[Collected material — start]

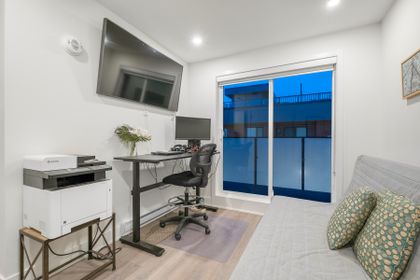 203-37808-3rd-ave-360hometours-25s at 203 - 37808 Third Avenue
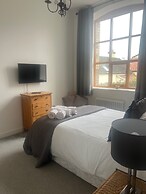Barnstaple - Apartment- Sleeps 2 - Parking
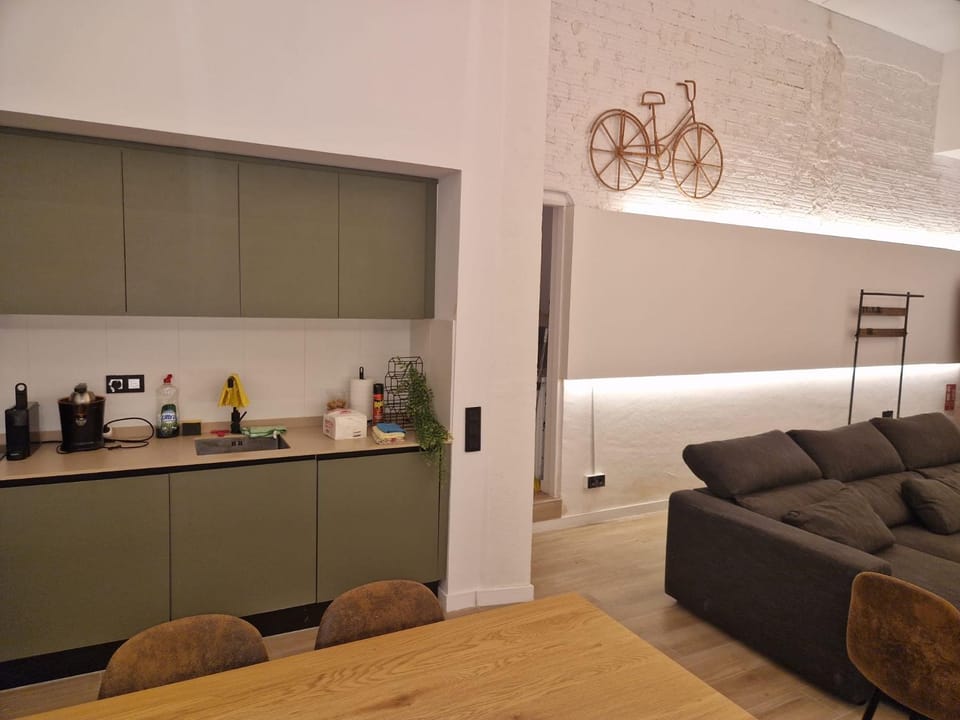 New 2024 luxury design lofts, by Santa Barbara Castle, with pool table, AC and wifi Apartment in Alicante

[Collected material — finish]

__What you should do__
What you need to copy is the run of lines from the one holding "Barnstaple - Apartment- Sleeps 2 - Parking" through the end of the data, exactly and only, both ends included, pictures omitted.

__Solution__
Barnstaple - Apartment- Sleeps 2 - Parking
 New 2024 luxury design lofts, by Santa Barbara Castle, with pool table, AC and wifi Apartment in Alicante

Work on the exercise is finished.